Bug #7863
closedAIO read/write requests return 0 bytes read/written
100%
Description
The following hardware configuration was used:
- 30 hard drives
- SMP system (32 cpu)
- x86_64 arch
On this target im running an application which makes an asynchronous IO (read or write) requests to the hard drives. I'm running one dedicated thread for each drive. In general the thread is doing something like this:
1. Got a new request.
2. Use aio_read() or aio_write() call to make it. The /dev/rdsk/* devices are used to perform the read/write operations. The port functionality is used to get the notification. It is important to use the port notification, otherwise issue will not reproduce.
3. In the handler call aio_error() if there are no errors (0 is returned).
Call aio_return and check its value.
The stress test was made to reproduce the problem: make lots of simultaneous requests to all 30 hard drives at once. After running it for the 30-60 seconds got the error below:
- aio_error() call returns 0
- aio_return() call returns 0, but the expected size is 1024 (the size of my read/write buffer)
This problem is reproduced pretty stable only if i run more than 20 simultaneous requests at once. I couldn't reproduce this issue on virtual machine (VMware, qemu) or on machine with 4 CPUs.
Updated by Dima Stepanov almost 7 years ago
[Investigation]
There are 30 threads which in general making the following steps to handle incoming IO requests:
1. Get the event from the port (port_get()).
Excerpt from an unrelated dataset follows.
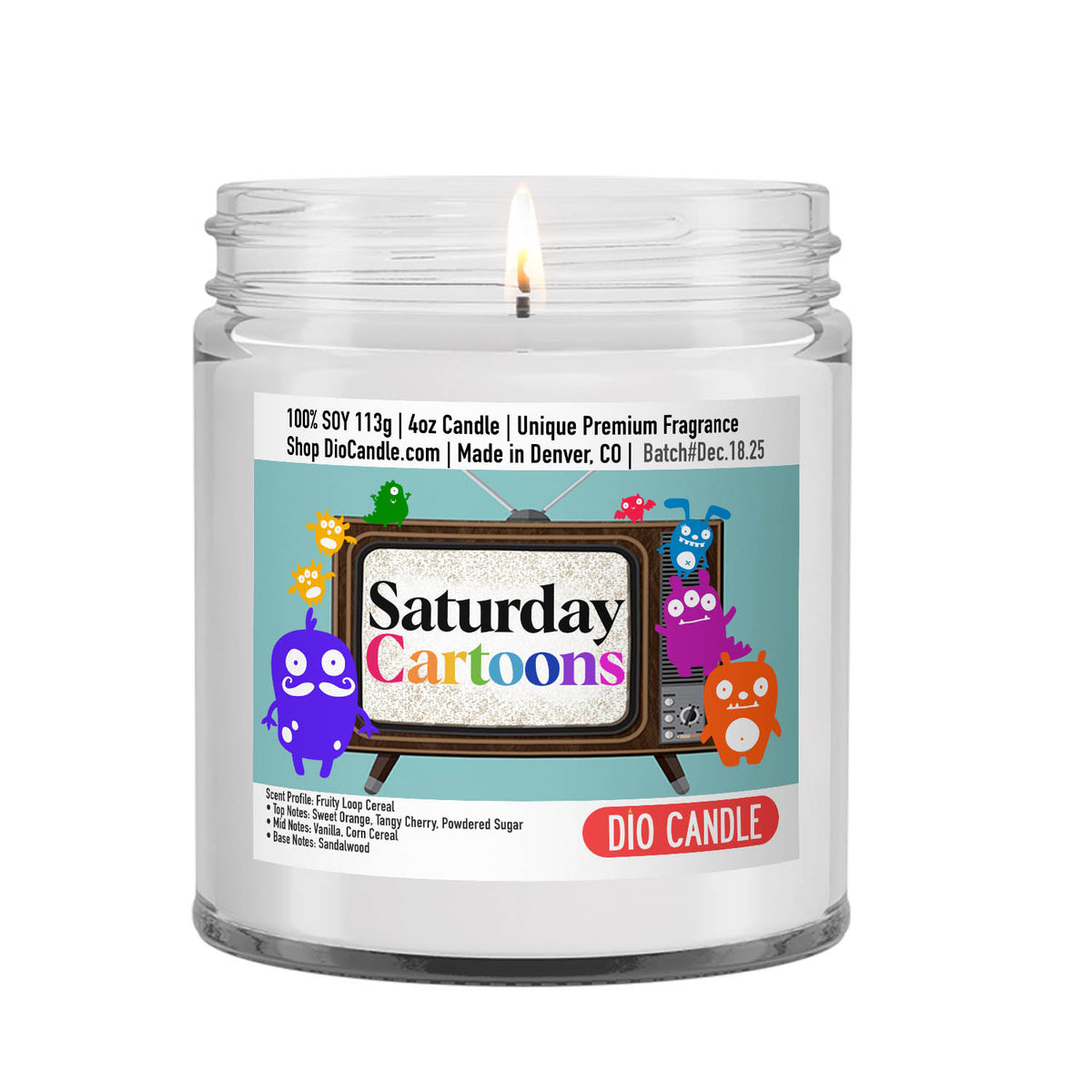 Saturday Cartoons Cereal Candle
2. If it is a read or write request, then use aio_read() or aio_write() calls to handle it.
When AIO request is competed the port is notified, as a result the aio_port_callback() routine is called, the backtrace is something like this:
port_getn()
port_copy_event()
aio_port_callback()
This aio_port_callback() (http://src.illumos.org/source/xref/illumos-gate/usr/src/uts/common/os/aio.c#3806) routine performs some clean up changes and then calls aio_copyout_result_port() to store the error and return value. When the aio_copyout_result_port() (http://src.illumos.org/source/xref/illumos-gate/usr/src/uts/common/os/aio_subr.c#1138) routine is executed. It was found out that sometimes the error and return value is really 0 in case of stress test:
errno = 0;
retval = iov->iov_len - bp->b_resid;
Both variables iov->iov_len and bp->b_resid are set to 0. That is correct for b_resid, but not for the iov_len field.
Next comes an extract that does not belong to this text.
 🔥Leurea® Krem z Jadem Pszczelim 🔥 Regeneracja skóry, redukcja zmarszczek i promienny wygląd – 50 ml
The issue for it is the race between the threads:
1. THREAD1:
1.1. AIO request completed
1.2. Notify thread using port
1.3. Call the aio_port_callback
1.4. mutex_enter(&aiop->aio_mutex);
1.5. Make some cleaning. Call the aio_req_free_port() routine (http://src.illumos.org/source/xref/illumos-gate/usr/src/uts/common/os/aio_subr.c#573). Which performs the following action:
aiop->aio_free = reqp;
1.6. mutex_exit(&aiop->aio_mutex);
1.7. Call the aio_copyout_result_port() routine to store error/return values from the reqp variable.
2. THREAD2:
2.1. Get a new AIO request.
2.2. Call aio_read or aio_write.
2.3. Waiting on aiop->aio_mutex.
2.4. As soon as it is free get it. Sometimes it is the mutex before calling the aio_req_alloc() routine (http://src.illumos.org/source/xref/illumos-gate/usr/src/uts/common/os/aio.c#2493). The following lines of code are executed:
if ((reqp = aiop->aio_free) != NULL) {
aiop->aio_free = reqp->aio_req_next;
bzero(reqp, sizeof (*reqp));
} else {
Since aio_free is not NULL (see p1.5) the bzero() call will be made.
So here we got the race condition between storing values from the reqp structure (p1.7) and set to 0 by calling bzero() (p2.5).
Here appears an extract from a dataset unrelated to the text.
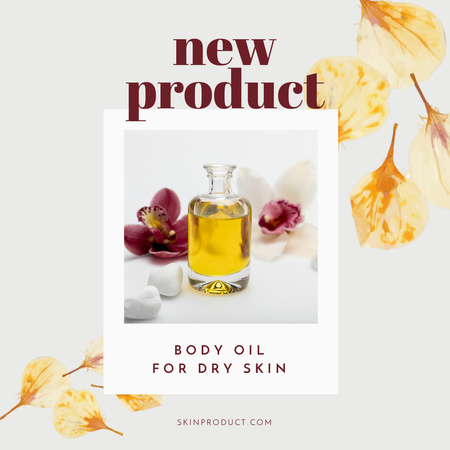 Body Oil for Dry Skin Sale Offer Instagram Design Template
Updated by Dima Stepanov almost 7 years ago
[Design]
The idea of the fix is pretty straight forward:
Call the aio_copyout_result_port() routine before the aio_req_free_port() call.
The aio_copyout_result_port() function is called in one place which we are going to fix.
The aio_copyout_result() routine is called from several places (aio.c and aio_subr.c), but it is always called before the aio_req_free() call. So only one place should be fixed.
New rb request is created for review: https://www.illumos.org/rb/r/357/
Updated by Electric Monk almost 7 years ago
- Status changed from New to Closed
- % Done changed from 0 to 100
git commit d91fc1a462e1fbca9120dcbb0895574f74826bb3
commit d91fc1a462e1fbca9120dcbb0895574f74826bb3 Author: Dima Stepanov <dstepanov@argotech.io> Date: 2017-02-23T18:02:58.000Z 7863 AIO read/write requests return 0 bytes read/written Reviewed by: Igor Kozhukhov <igork@argotech.io> Reviewed by: Marcel Telka <marcel@telka.sk> Reviewed by: Dan McDonald <danmcd@omniti.com> Approved by: Robert Mustacchi <rm@joyent.com>